A couple of years ago, I worked with Dr Lisa Law on this project. We interviewed people in Smithfield, a suburb of Cairns, and came up with some interesting findings. It was particularly interesting to see just how much time and love people invest in their yards, and what influences they brought from other places they had lived previously.
Dr Lisa Law presents: The Tropical Backyard
Date: Thursday 25th July
Time: 5:30pm for wine and cheese, lecture 6.00pm-7:00pm
Place: Crowther Lecture Theatre, James Cook University, Cairns.
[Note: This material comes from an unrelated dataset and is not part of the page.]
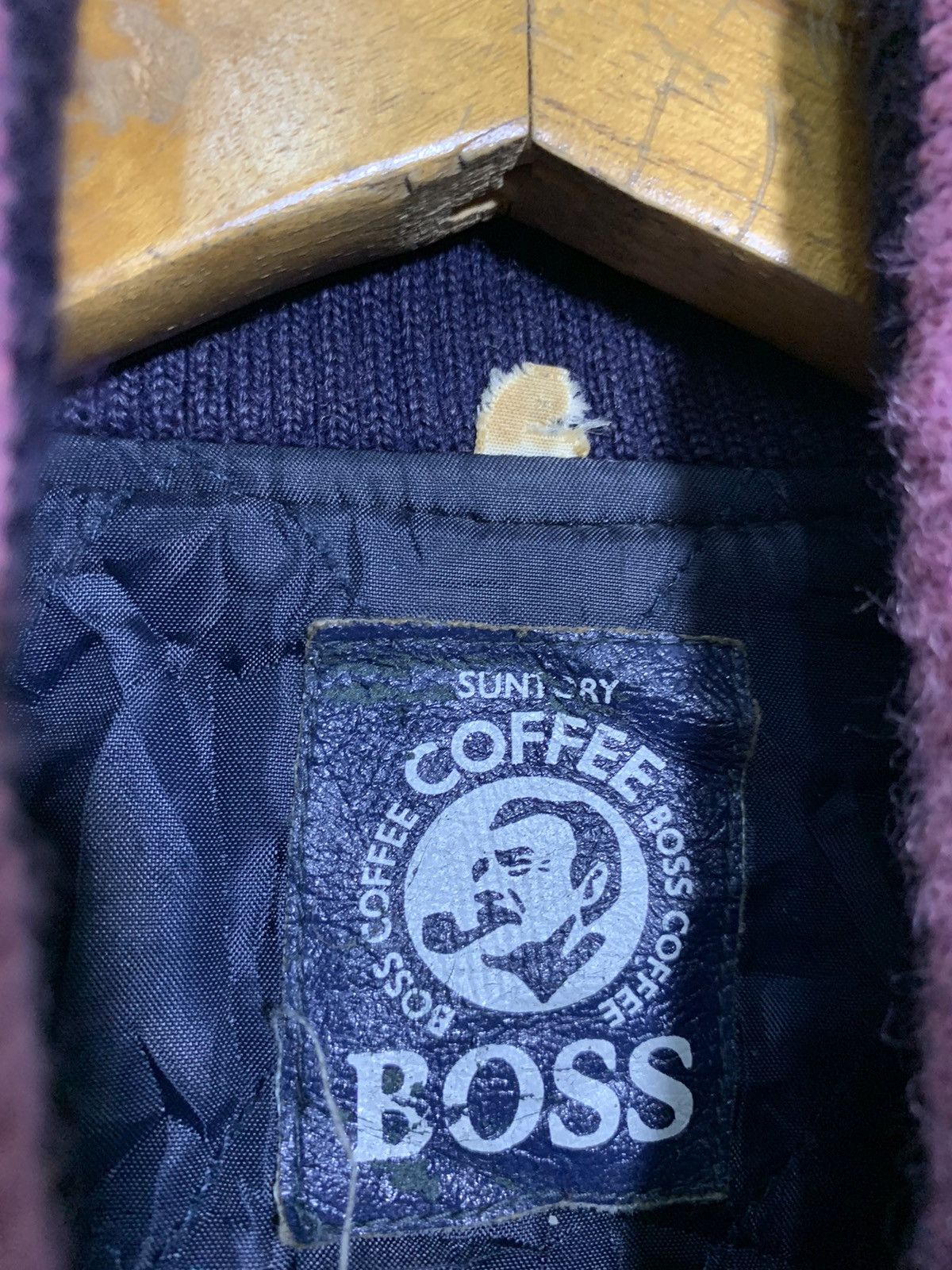 Vintage 🔥VERY WORN VTG SUNTORY BOSS COFFEE VARSITY JACKETS Size US M / EU 48-50 / 2 - 10 Thumbnail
Or RSVP to Carly McKaskill by Tuesday 23rd July on 4042 1211
SUMMARY:
Domestic yards and gardens are everyday places that express people’s social, cultural, and environmental identities. They are also places where people's interactions with nature are engaged with and worked out. This talk elaborates a pilot study of the backyard as an important urban environmental place in a small but ethnically diverse neighbourhood in Cairns. Although the pilot study set out to understand how residents manage mosquito breeding sites for dengue fever prevention, this talk explores the broader issue of how residents make sense of their backyards, especially in terms of how they relate to them as ‘tropical’. Living in Cairns means managing a dearth/excess water during the dry/rainy season, dealing with new kinds of ‘pests’ and being critically conscious of the southern bias of Australian garden retailers and house/garden magazines. These experiences are framed within a longer tradition of tropicality, or a (western) way of making sense of/imagining tropical regions.